On the south side of both these stations was a station known as Barraba in 1848 which is the only one listed in the Government Gazette in 1837 as Barraba Plains. John Hoskisson was in charge of approximately 76,800 acres and estimated that he could run 2,000 cattle. To avoid confusion John's station soon became Barraba Creek Station on the south bank of Barraba Creek.
John was an absentee landowner as were the other landowners at that time - Armitage (Barraba Station), Hughes (Barraba), Cox (Burindi) etc. They visited their stations at irregular intervals!!
Before continuing Barraba Creek's later history we should find out a bit more about John Hoskisson. He was the third child of Thomas and Sarah Hoskisson (nee Pigg) of Windsor, NSW. Sadly, his father was murdered just a few weeks before he was born in 1799. Left alone with three small children, Sarah remarried to Thomas Upton and John went to Sydney to live with his hotel owning godfather, Jesse Mocook. It was here that he learnt to handle money - he was paid to lead his godfather's patron's horses to water at the Tankstream. Later he bought a wheelbarrow and sold wood for 18 pence a load. When Jesse Mocock died he left his house and property to John Hoskisson.

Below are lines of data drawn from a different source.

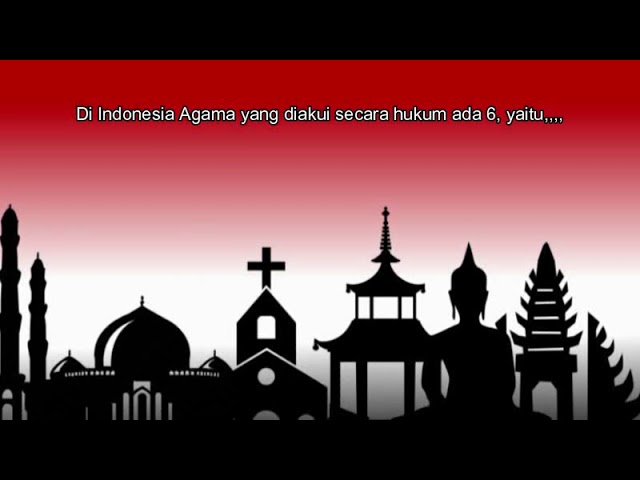 Detail Gambar Tempat Ibadah 6 Agama Di Indonesia Nomer 47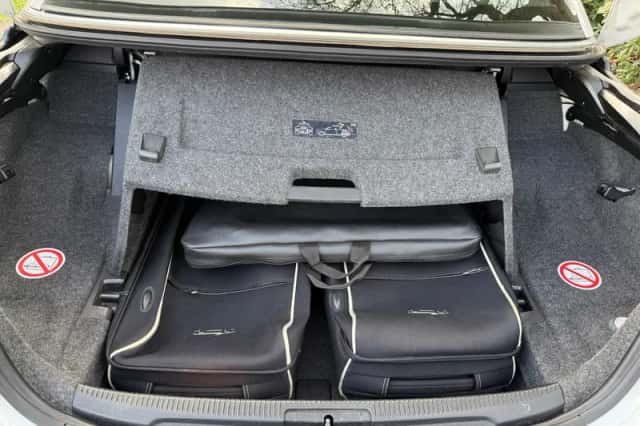 Volkswagen Eos (2011) thumbnail 6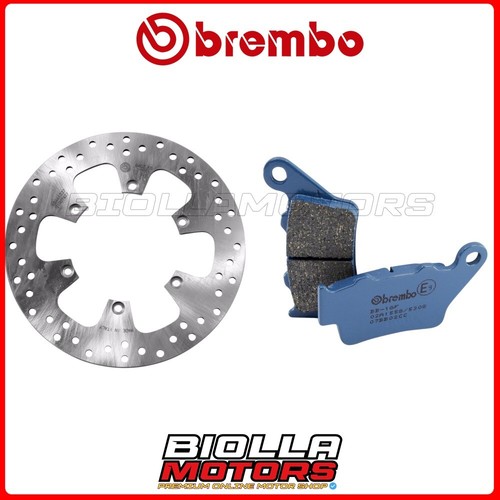Kit pads disc brembo - disc, ktm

With the passing of his godfather, John had money. He came back out to the Hawkesbury and took up farming. In 1818 he married Sarah Freebody and it was not very long before the young couple were successful farm owners with three employees. John then started to look for land further afield and although he could neither read nor write, he was a very able businessman. He built the Barraba Hotel in Windsor, as we found out sometime ago, and took on properties such as Barraba Creek and Yaggaba to name a couple of four or five in northern New South Wales.
John and Sarah Hoskisson lived in Cornwallis, Windsor -on the river flats - and must have experienced some terrible floods without any fatalities. They had 11 children - Thomas, John, James and Samuel and seven daughters who married into the Holland, Moore, Cross, Blackman, Wood and Miller families.